The prototype integrated the kind of video-game UI that DARPA was after. Swink said that the developers made this a priority, even using some of the same artists with whom they’d designed video games to achieve the effect Maeda envisioned.
“What she said made sense to me,” Swink said, “but, not having worked with the military before, I was stunned that they didn’t have it.”
The other main TIGR selling point Swink emphasized was giving small units the ability to access and update maps, and use them in planning patrols. Intelligence officers at brigade level and above already had the capability, but those going outside the wire did not.
“They found it really difficult to get up-to-date maps of the areas they were going to patrol,” Swink explained. “They loved that they could load in the latest maps at platoon level, print them, and walk out the door with them right before patrol.”

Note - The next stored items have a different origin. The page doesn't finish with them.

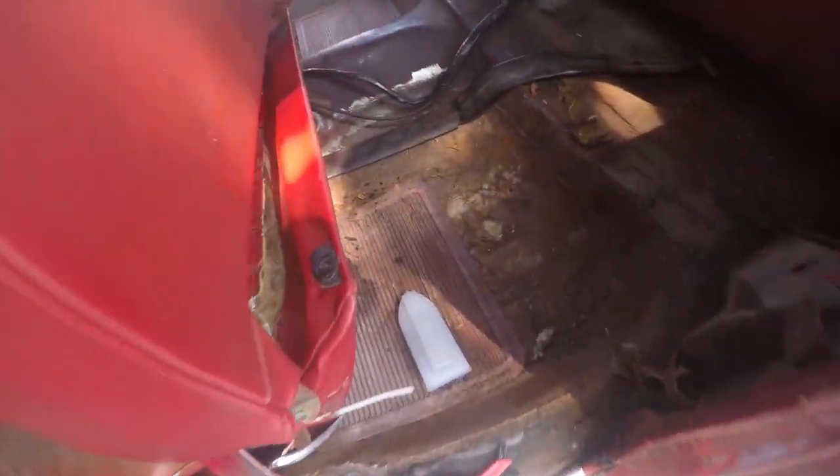One of the things I do have to do is replace one of the floor pans, which I have ordered a full new floor. But I'm not going to get around to that until probably late winter, early January. I can't stand the carpet that's in it now, so I went ahead and ordered some new carpet. And before I install the new carpet, I did go ahead and rip up the old carpet, as you can see, to expose the floors.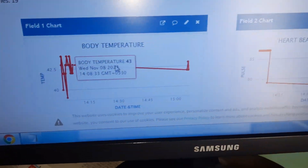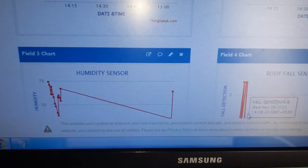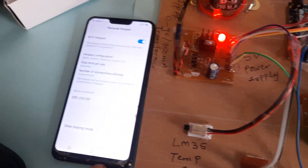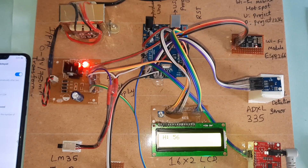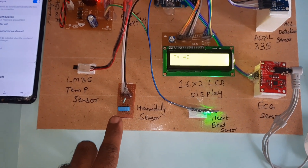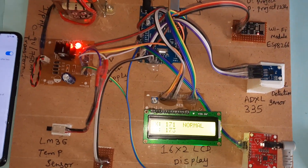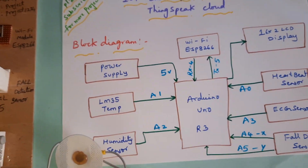All parameters — temperature, heartbeat, humidity, fall detection, and ECG — have been tested and are updating. Using this WiFi ESP8266 module with mobile hotspot internet, each parameter's data is sent over the internet to ThingSpeak. The ECG module connects to the body, and this is the block diagram of the project.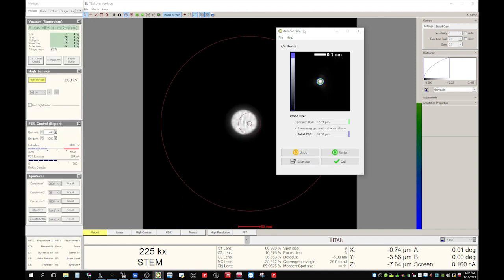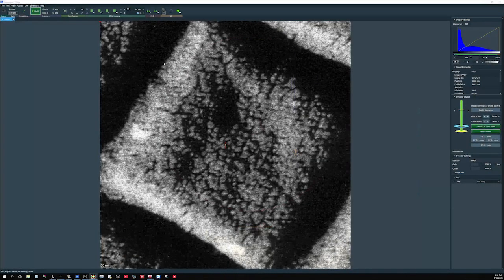Now it says it's completed, and it shows this total D50, which is the estimated probe size — 58 picometers. That's pretty good. The best way to check if it's good or not is just take an image.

Swink knew this from experience, from sitting beside soldiers in Camp Victory or Camp Taji in Iraq and talking to those who went on patrol. With that input, Swink could make coding improvements to TIGR on the fly. The 1st Cavalry, 1st Brigade Combat Team, Funk, and Michaelis had made this possible, teaming with DARPA to experiment with TIGR during exercises in 2005-2006. The feedback from soldiers was immediate, Maeda remembered.
Said Maeda, “We had a construct [in the TIGR environment] including ‘Events, People, Reports.’ One of the soldiers pointed out the need for a [repository] called ‘Collection,’ saying that when about to embark on the next patrol, he wanted to look for relevant events in a single folder, i.e. Collection.”
The feedback was embraced by TIGR developers, who brought an agile development mind-set to the system. Unlike more formal Army software, TIGR didn’t have to be fully perfected before it rolled out. Eighty percent was good enough, with successive iteration in the field improving the product more effectively.